Inducible External Magnetic Fields Coupled to Injectable Synthetic Magnetic Nanoparticles Proposed to Replace Invasive Optogenetics as Modulators of Endogenous Ion Channel Gating

Abstract

Optogenetics is poised to revolutionize the study of neural circuits and their roles in vivo. Two main components of this approach are indicated by that name. The first component is a light-gated ion channel gene (ICG) transfected into targeted neural circuits. The second, following gene transcription/translation, is an optical source focused on the transfected neural tissue. Light pulses gate transfected ion channel proteins leading to modulation of the host neuron's membrane potential (Na-selective ICG= depolarization and nerve cell excitation; K-selective ICG= hyperpolarization and nerve cell inhibition). Electrical signaling in untransfected neurons in synapse with transfected neurons is, in turn, modulated.
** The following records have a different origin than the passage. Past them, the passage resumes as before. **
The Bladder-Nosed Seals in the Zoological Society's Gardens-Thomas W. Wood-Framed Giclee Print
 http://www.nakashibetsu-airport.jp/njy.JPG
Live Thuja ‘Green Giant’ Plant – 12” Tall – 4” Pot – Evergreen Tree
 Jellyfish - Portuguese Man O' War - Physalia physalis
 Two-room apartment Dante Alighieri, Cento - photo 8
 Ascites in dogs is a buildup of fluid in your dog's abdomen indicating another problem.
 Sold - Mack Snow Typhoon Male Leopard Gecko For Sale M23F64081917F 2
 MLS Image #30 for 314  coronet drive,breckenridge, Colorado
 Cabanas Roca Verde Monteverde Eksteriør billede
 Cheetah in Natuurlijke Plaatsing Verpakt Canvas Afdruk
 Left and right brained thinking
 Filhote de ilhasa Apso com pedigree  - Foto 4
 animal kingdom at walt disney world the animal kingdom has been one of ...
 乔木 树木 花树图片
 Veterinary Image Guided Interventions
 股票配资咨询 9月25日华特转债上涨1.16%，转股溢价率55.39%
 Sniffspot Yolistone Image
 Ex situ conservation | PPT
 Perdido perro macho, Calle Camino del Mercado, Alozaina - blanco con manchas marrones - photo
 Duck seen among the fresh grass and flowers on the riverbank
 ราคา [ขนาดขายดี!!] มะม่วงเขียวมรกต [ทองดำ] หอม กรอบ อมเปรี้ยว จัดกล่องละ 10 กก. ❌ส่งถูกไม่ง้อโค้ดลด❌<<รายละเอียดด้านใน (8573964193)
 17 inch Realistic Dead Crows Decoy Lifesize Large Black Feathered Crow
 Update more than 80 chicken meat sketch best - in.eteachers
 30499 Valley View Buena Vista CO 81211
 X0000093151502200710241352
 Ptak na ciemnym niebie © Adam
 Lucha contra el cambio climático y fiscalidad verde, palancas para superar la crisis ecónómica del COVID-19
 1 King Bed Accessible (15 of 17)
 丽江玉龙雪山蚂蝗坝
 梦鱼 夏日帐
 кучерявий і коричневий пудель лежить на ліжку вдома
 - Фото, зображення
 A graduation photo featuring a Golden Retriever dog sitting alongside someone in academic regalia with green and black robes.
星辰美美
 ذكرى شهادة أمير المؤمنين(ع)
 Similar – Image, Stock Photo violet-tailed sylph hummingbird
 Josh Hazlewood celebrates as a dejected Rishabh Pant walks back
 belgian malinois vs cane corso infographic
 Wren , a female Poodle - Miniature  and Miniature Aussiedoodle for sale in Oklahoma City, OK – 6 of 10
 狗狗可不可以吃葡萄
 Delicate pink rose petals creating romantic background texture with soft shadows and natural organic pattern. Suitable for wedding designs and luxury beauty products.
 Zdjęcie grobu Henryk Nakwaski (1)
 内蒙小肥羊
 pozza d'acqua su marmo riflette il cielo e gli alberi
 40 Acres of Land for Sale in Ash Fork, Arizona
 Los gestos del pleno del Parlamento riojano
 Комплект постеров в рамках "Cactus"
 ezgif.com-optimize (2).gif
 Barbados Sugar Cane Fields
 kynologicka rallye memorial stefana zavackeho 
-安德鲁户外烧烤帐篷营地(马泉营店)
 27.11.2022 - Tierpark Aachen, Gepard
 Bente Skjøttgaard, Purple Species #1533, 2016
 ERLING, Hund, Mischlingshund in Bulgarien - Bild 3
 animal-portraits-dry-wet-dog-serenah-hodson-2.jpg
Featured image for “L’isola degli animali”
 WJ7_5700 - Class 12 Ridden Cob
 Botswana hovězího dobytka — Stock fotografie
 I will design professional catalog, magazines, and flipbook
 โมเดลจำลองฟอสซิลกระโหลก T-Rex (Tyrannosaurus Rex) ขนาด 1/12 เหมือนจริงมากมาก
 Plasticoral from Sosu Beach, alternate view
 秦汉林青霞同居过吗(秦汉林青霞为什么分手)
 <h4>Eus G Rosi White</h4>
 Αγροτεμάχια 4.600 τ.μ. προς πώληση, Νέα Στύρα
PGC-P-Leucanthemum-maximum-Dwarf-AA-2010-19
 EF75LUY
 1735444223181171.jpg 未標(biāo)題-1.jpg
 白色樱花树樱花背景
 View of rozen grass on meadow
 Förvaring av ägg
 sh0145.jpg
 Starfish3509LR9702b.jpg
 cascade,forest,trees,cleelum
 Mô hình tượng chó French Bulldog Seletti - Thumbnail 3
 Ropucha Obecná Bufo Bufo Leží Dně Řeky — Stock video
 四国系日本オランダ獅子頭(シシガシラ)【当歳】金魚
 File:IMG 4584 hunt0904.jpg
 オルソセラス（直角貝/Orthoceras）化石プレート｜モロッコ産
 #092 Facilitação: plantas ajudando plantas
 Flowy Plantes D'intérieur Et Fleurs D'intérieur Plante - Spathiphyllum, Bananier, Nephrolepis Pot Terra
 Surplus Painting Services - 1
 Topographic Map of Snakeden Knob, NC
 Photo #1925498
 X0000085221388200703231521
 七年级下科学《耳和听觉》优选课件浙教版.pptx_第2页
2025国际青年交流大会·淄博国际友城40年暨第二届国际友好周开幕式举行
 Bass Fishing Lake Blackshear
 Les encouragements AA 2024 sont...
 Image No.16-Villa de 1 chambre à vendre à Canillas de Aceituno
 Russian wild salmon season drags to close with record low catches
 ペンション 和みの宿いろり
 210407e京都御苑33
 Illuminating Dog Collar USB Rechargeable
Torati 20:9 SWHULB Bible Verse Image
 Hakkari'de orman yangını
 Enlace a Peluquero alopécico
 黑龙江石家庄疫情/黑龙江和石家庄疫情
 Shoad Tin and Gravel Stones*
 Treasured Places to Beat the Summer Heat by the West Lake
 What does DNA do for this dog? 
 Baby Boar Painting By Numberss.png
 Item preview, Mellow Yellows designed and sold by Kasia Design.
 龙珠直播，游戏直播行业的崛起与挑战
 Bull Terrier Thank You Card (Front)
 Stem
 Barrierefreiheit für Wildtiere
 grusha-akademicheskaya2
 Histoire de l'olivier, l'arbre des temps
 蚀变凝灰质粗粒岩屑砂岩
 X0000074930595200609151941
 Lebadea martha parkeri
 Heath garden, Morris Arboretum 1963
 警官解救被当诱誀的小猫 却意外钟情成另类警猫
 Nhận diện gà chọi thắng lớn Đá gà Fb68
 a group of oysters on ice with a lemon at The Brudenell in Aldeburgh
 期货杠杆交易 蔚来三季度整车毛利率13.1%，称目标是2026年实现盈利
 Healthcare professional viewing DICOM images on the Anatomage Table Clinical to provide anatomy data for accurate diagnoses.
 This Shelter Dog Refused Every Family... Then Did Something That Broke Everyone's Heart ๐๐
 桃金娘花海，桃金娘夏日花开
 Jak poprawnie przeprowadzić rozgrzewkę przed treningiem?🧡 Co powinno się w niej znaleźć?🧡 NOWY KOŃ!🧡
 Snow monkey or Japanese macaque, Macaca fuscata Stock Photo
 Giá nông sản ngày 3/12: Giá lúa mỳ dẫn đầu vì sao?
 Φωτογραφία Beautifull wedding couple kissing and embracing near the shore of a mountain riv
The ultimate outcome of Optogenetics is a change in physiology or behavior supported by the targeted neural circuitry. Application of a magnetic field in close proximity to channel-attached magnetic nanoparticles is proposed as an innovation of Optogenetics. Such magnetic field gating of ion channels has advantages over Optogenetics. Most significantly, in contrast to invasive Optogenetics, magnetic field gating is speculated to gate ion channels by external, non-invasive magnetic fields. Commercially available magnetic nanoparticles make possible the essential magnetic field/ion channel connection. Magnetic field gating is proposed to innovate neuroscience research far beyond the limitations of Optogenetics. Furthermore, future translation of magnetic field gating technology to the health care market is far more practical than translation of invasive Optogenetics technology. Current applications using magnetic nanoparticles are described that lend credence to the hypothesis that magnetic fields can gate in vivo ion channels via attached magnetic nanoparticles. Magnetic field gating technology and technical challenges of developing this approach to gating ion channels are presented.